* **PROBLEM STATEMENT**
Leave out the pictures and set down the rest of the listing below word for word.

* **AVAILABLE DATA**

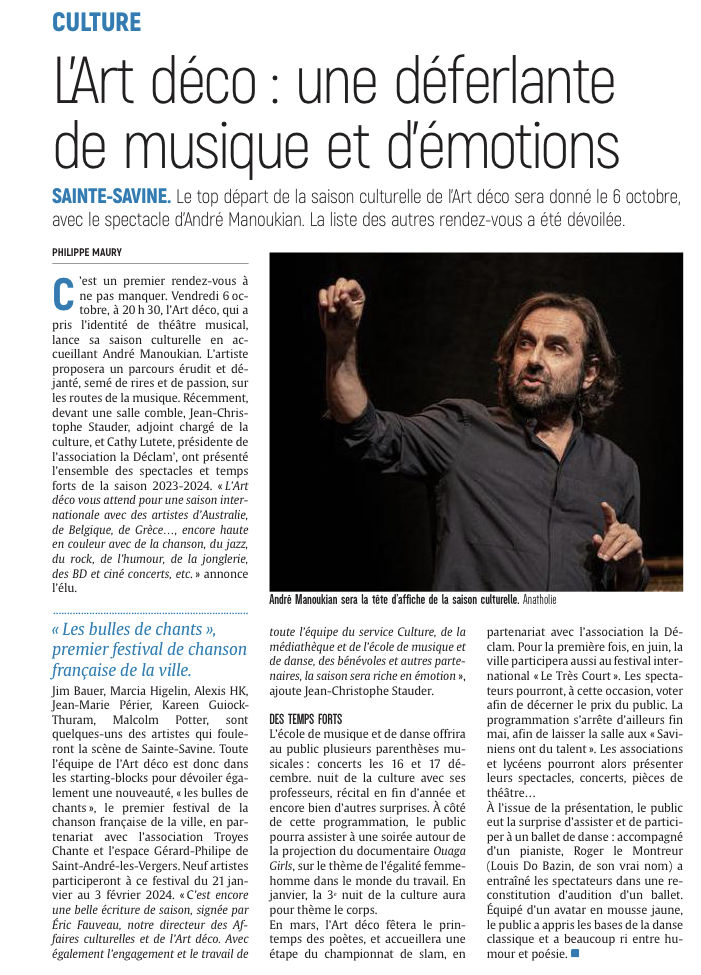 L'Art Déco: une déferlante de musique et d'émotions !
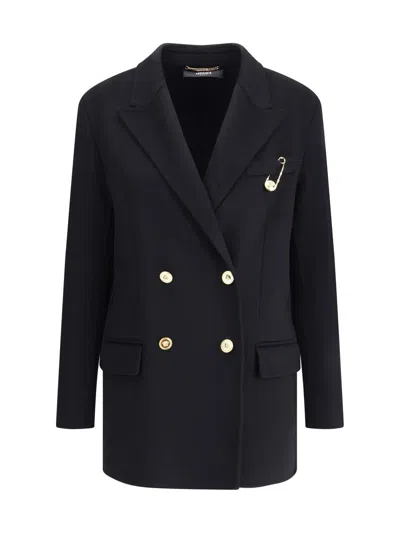 Versace Wool And Cachemire Double-breasted Coat In Blue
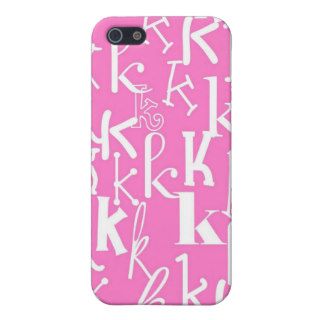Bubble Gum Pink Letter K Case For iPhone 5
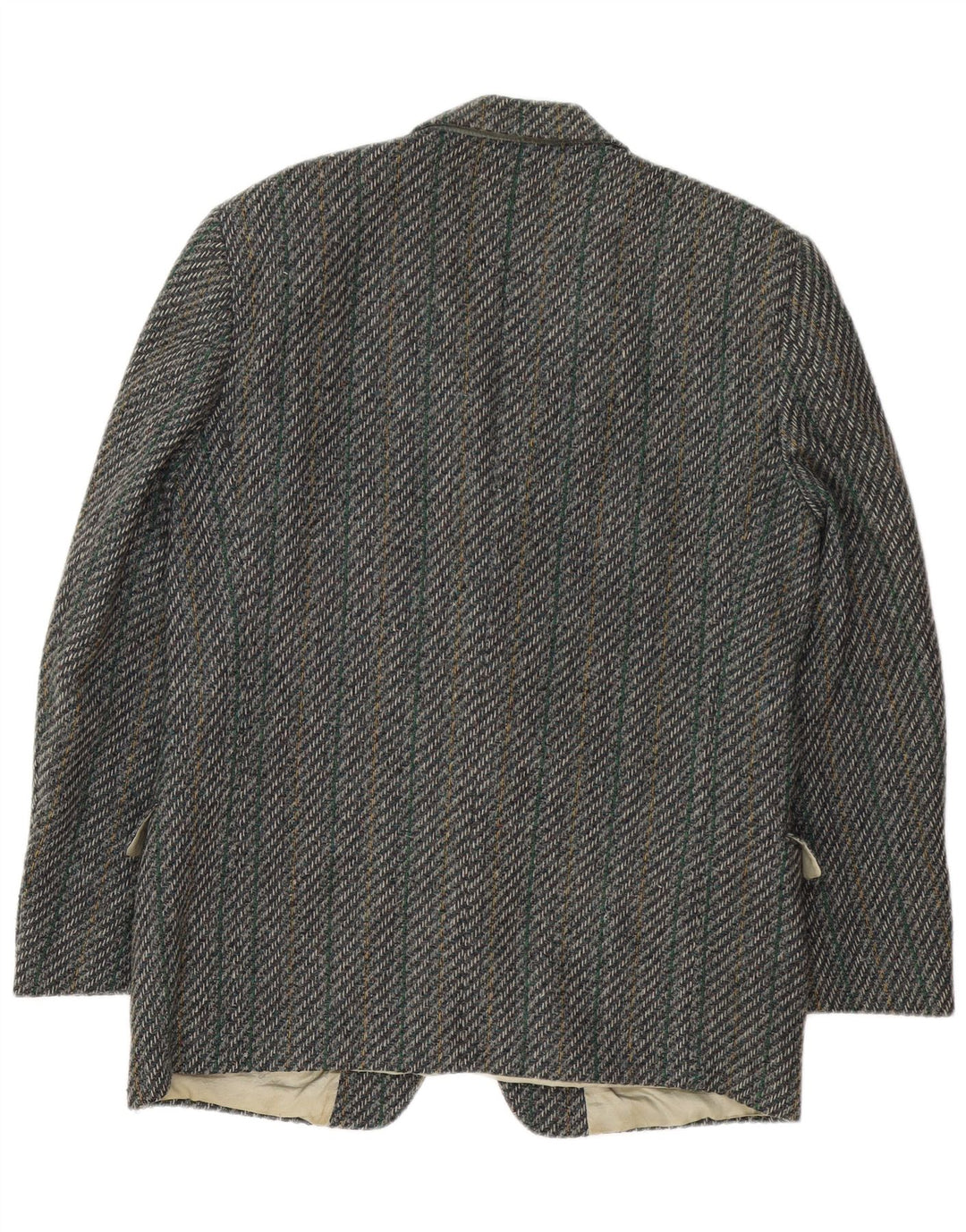 Facis Herren-Blazer mit 2 Knöpfen, IT 52 XL, graue Wolle mit Fischgrätenmuster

* **RESPONSE AREA**
 L'Art Déco: une déferlante de musique et d'émotions !
 Versace Wool And Cachemire Double-breasted Coat In Blue
Bubble Gum Pink Letter K Case For iPhone 5
 Facis Herren-Blazer mit 2 Knöpfen, IT 52 XL, graue Wolle mit Fischgrätenmuster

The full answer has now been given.